- Being placed on the Child Protection Register can have significant and long-lasting effects on a client’s life and liberty.
- Recent Supreme Court decisions highlight the need for practitioners to be aware of the mechanisms of entry to the Register, the significant incursion on civil liberties and increased risk of criminal liability that follows.
- Particular attention should be shown to applications by NSW Police where a defendant has never been convicted of offences against children, or they present with vulnerabilities such as intellectual disability or mental health problems meaning compliance with reporting obligations will be difficult.
Given the significant impact of being placed on the Child Protection Register, it is important that practitioners are aware of the mechanisms of entry to the Child Protection Register, the significant incursion on civil liberties and the increased risk of criminal liability that follows.
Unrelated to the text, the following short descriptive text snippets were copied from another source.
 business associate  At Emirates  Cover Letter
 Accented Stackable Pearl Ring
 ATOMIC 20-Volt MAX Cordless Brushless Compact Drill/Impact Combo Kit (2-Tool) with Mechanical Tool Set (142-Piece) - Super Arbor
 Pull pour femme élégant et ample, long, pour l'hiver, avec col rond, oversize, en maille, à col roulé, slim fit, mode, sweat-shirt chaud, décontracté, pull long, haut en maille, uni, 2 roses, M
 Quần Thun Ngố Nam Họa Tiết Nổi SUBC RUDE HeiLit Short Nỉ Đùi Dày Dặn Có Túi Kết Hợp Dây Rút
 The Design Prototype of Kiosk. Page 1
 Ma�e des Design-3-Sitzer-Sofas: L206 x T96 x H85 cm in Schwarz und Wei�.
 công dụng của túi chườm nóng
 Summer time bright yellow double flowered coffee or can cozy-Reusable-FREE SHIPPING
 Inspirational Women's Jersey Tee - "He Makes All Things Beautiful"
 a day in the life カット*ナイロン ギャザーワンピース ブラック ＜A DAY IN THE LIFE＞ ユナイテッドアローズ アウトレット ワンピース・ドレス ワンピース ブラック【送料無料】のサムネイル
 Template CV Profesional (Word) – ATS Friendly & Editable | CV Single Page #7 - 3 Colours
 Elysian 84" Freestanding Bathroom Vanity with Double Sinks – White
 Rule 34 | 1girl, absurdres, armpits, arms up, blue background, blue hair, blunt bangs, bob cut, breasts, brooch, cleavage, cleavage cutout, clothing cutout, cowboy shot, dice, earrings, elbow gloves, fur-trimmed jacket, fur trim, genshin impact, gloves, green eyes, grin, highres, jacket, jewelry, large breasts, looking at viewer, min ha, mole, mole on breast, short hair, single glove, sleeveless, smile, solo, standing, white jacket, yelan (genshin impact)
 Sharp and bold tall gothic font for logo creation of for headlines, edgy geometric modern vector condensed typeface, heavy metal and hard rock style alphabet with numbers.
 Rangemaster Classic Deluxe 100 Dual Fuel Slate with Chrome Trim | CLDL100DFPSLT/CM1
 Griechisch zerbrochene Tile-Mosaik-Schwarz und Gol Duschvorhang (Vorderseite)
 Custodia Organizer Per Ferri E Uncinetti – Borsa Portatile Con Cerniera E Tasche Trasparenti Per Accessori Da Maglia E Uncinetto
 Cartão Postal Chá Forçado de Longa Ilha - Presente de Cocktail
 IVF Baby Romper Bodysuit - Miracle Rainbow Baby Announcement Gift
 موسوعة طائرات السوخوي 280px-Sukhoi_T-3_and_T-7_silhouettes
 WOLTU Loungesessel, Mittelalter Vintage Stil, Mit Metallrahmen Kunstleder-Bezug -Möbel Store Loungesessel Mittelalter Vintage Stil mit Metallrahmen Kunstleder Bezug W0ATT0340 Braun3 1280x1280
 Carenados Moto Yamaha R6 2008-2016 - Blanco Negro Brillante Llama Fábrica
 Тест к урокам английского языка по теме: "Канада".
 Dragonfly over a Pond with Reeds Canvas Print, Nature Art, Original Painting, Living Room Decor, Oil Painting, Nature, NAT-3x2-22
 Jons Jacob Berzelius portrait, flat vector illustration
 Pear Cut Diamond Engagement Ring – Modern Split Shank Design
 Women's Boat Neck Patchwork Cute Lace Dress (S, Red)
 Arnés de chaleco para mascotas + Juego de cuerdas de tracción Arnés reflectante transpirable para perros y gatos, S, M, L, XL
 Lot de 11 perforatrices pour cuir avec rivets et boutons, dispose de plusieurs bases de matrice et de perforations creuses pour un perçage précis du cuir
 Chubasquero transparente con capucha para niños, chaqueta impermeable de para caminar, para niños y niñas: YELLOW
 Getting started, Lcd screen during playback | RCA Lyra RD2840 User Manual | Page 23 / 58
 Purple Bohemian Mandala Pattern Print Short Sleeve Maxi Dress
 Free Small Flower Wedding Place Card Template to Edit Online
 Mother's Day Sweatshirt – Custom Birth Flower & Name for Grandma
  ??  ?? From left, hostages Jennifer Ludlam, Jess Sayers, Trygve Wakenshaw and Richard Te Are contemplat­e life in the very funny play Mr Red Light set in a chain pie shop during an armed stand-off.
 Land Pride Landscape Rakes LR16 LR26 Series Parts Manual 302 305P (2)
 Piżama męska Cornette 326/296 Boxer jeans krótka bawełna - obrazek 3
Background – The Child Protection Register
The Child Protection Register was established in 2001 by the Child Protection (Offenders Registration) Act 2000 (NSW) (‘the Act’). The Register became the first database in Australia that recorded the personal details of offenders who have committed sexual offences against children, or otherwise were found to pose a risk to children. Once a person becomes a ‘Registrable Person’ under the Act, they remain on the register for life and are subjected to ongoing surveillance. They are also required to report personal information to police for long periods of time, between eight years and the remainder of their life, depending on the seriousness and number of offences. For juvenile offenders, these periods are halved or in limited circumstances do not apply. During the reporting period, NSW Police can collect intelligence which is added to the person’s case file. In addition, the Commissioner of Police (‘the Commissioner’) can apply at any time for a further order under the Child Protection (Offender Prohibition Orders) Act 2004 (NSW), which further restricts a person’s freedom of movement and association and will reactivate reporting obligations if they have expired.